Ah! The first disc is playing through as we speak and there's a tenor reaching a point of high emotion for some reason or other (Puccini again, ten bucks says), and it makes my heart swell with joy.

What has happened to me? Maybe this is the music for people who no longer need a career direction....

Career direction

In the last issue of Look magazine, the periodical of the Art Gallery Society that comes once a month and hangs out in my bathroom waiting to be read, there's an article on a woman who will be curating a big show of Islamic art later this year.

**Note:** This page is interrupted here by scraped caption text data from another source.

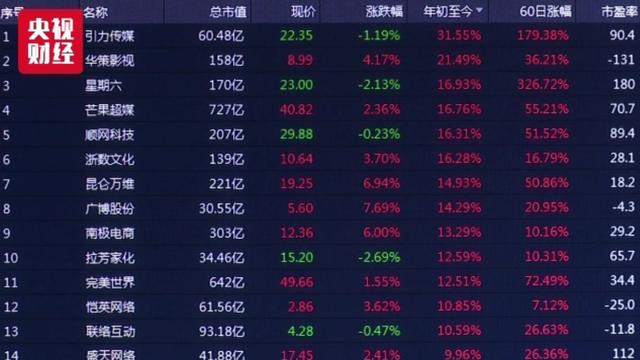 2019年网红经济的元年 李子柒年入1.6亿，李佳琦年赚2亿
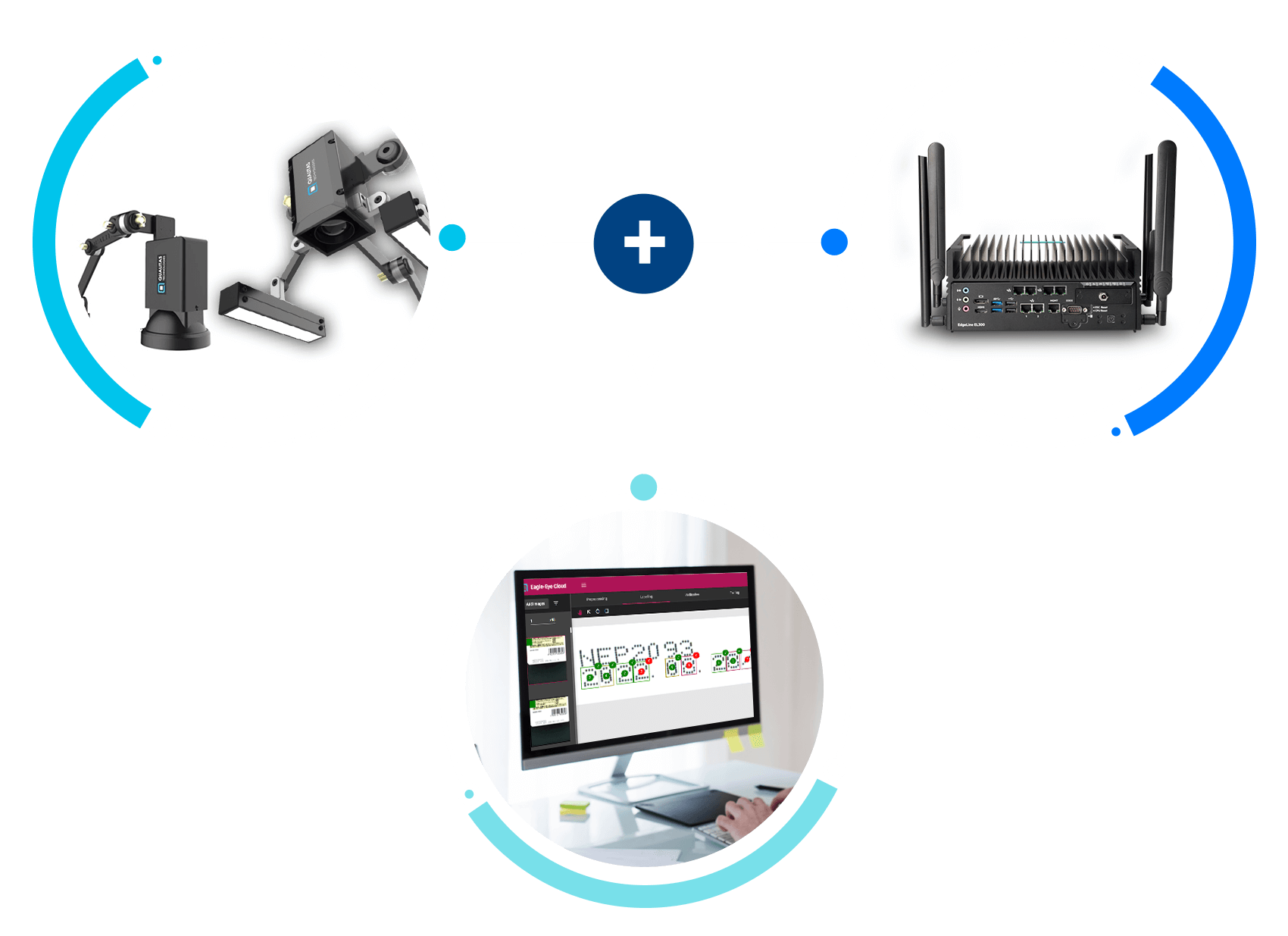 What Is the Qualitas EagleEye® Inspection System? Hardware, Edge AI, and Cloud Explained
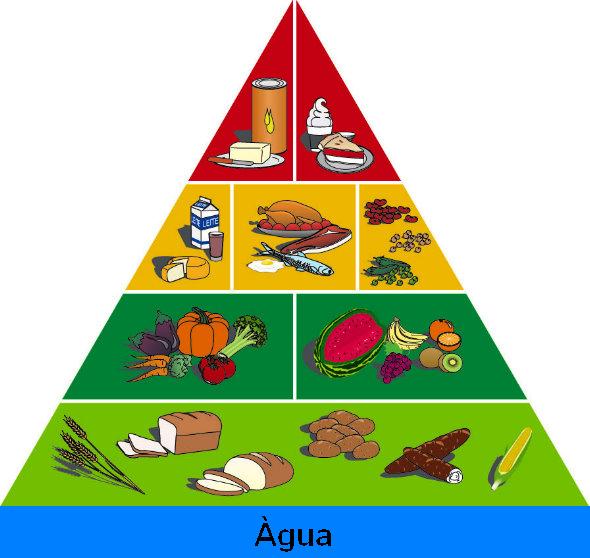 [022-Piramide alimentar.jpg]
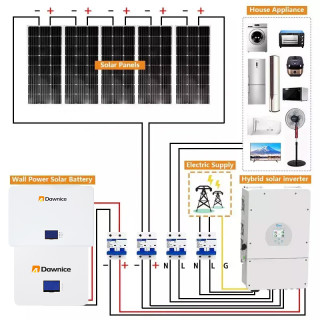 2.5-5kwh 25.6V Solar Lifepo4 Wall Mounted Battery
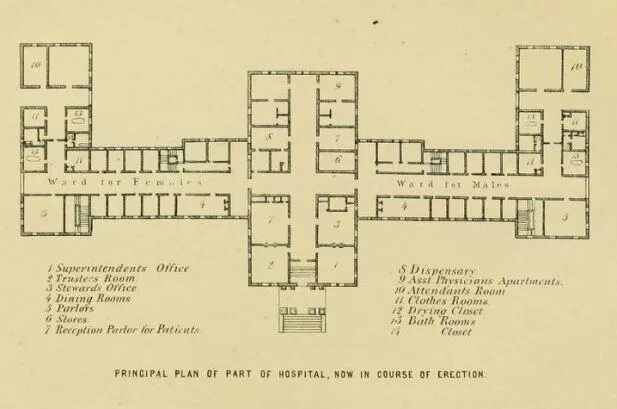 Планировка психиатрической больницы. План больницы. План психбольницы. План здания больницы.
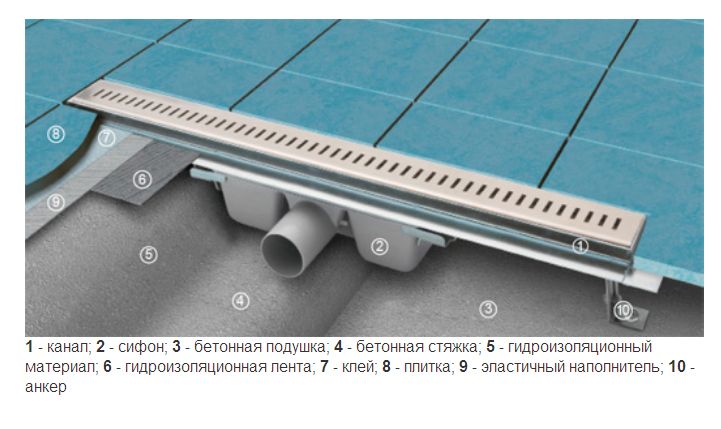 Вибираємо трап для каналізації і як встановити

She got the gig through a friend, sort of by accident, because her PhD was more in history than art, and at the end of the article it said, "While she is enjoying the work - and her first taste of Australia - it has helped her decide that she probably wants her career to take a more academic direction, and most likely in a [natural history] museum than an art gallery."

I read this and was startled by one of those feelings that marks the fact that you're past a certain boundary in life, that you've grown older and have changed in fundamental ways. This time it was the notion of a "career direction". I remember the old, nearly constant panic and feeling of obligation to figure out what I was going to DOOOOO, and the compulsion to try on every profession that I ran across as a possible candidate. "Orchid farmer? Maybe I should be an orchid farmer. I should, I should go get some horticulture books right now and spend my weekends reading them...."

But reading the article in Look I suddenly realised that the old familiar panicky companion is now completely gone. Gone. Utterly. I don't have a career direction, I have a career. I'm here. I've arrived. It's right here, this is exactly what I do and want to do and have been working toward doing. I think the magic combination that got me here - to my career destination, not my career direction - is the combination of the web day job and the philosophy stuff on the side, as a kind of serious avocation.

Amazing. Strange feeling but good - I suppose it's always good when you see the back of an old panicky feeling. And the main sense I have is of lots of time freed up, to have experiences and fun and learn new things just for well-roundedness and not because they might one day be supposed to define me.

Good luck, Islamic history chickie. But I am older than you, and I don't have to worry about career direction any more. I'm there.

3/11/2007

Art experiences

Today walking home from the Art Gallery I was doing the meditation of imagining myself 20 years in the future again, and thinking of how I will remember this time. The impression was of something rich and multi-coloured, full of vividness and varied designs. Like my calendar looks on my wall at the moment - three things a day in all different colours. And the art book section of my book case - lots of new volumes of the gorgeous and novel things I've seen and am learning about.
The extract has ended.